Wednesday, November 20, 2013

Cherimoya


















Cherimoya
Various groceries, from $4.99/lb

Google "cherimoya" and you'll inevitably lean that this tropical fruit was hailed by Mark Twain as "deliciousness itself."  (It's curious that an early American writer would dominate an such an indirect internet search.  Is it because he hit the nail on the head?  Or because in the 150 years since his pronouncement, no one has been quite so effusive?)

Originating in either Central or South America, cherimoya shrubs are now grown around the world, particularly in the southern parts of Asia, California, Italy, Spain, and Portugal.  The fruit's strikingly bumpy skin is aptly characterized by Wikipedia as "'slightly tubercular," but it's the tendency of its pale flesh to turn creamy when fully ripe that earned cherimoya the English name "custard apple."  Flavor notes vary among varietals, but descriptions commonly refer to a combination of other fruits, especially banana and pineapple, leading the first time taster to expect an all-in-one tropical fruit salad.  Whether those expectations are met hinges on factors including how far the fruit has had to travel and how well it was treated along the way. 

Sunday, November 17, 2013

Pie in a Bowl

 
Pie in a Bowl
Skillet, $6

Acknowledging that baking pie filling inside a pie shell isn't always worth the risk, Skillet takes a surer route to satisfaction by cooking the components separately.  Not until you place an order for "pie in a bowl" do the tender chocolate pudding and shards of perfectly cooked crust come together in the eponymous bowl, where their sweetness is balanced out by a smattering of sea salt and bitter cocoa nibs. 

Monday, November 11, 2013

Nab Vam


















Nab Vam 
Seattle Center's Hmong New Year, $2

Food is a big component of Hmong New Year or Xyoo Tshiah, the only major holiday observed throughout the Hmong diaspora.  There's pork in several formats, there's a spicy salad of pounded green papaya, there's the chewy confection ncuav, a mochi cousin made from pounded sticky rice.

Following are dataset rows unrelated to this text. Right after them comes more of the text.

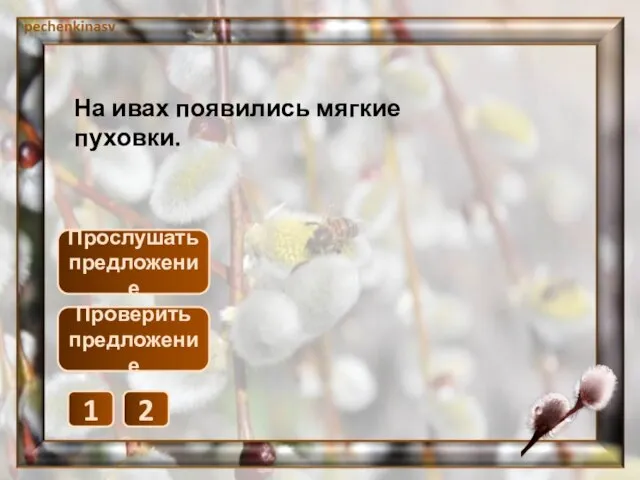 Прослушать предложение 1 2 Проверить предложение На ивах появились мягкие пуховки.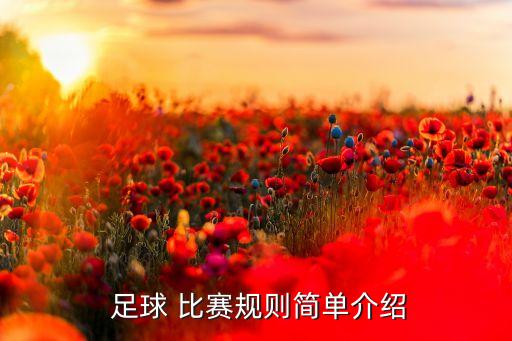  足球 比賽規(guī)則簡單介紹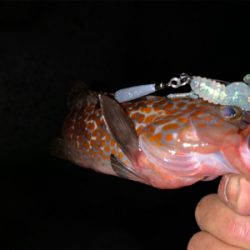 小さいけど初アコウ！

And there's nab vam, a dessert-drink hybrid so colorful it rivals the appliqued costumes worn by many of the young celebrants.  Although nab vam is often translated as "three color dessert," the variety of textures in each cup is at least as important and often more numerous.  As Sami Scripter and Sheng Vang explain in their excellent Hmong cookbook, Cooking from the Heart, "Westerners are  used to solid and liquid food being separate.  That is not so for the Hmong (and Asians in general), who delight in a variety of slippery, crunchy, chewy, and watery sensations all happening in the same dish.”

Nab vam's textural delights usually include crunchy crushed ice, runny caramel syrup, unctuous coconut cream, slippery strings of rice flour jelly, and bubbly balls of "frog egg" tapioca.  Extras might include crisp water chestnuts, soft-cooked beans, or juicy bits of chopped fruit.  How popular is it?  Scripter and Vang's standard recipe makes 40 servings.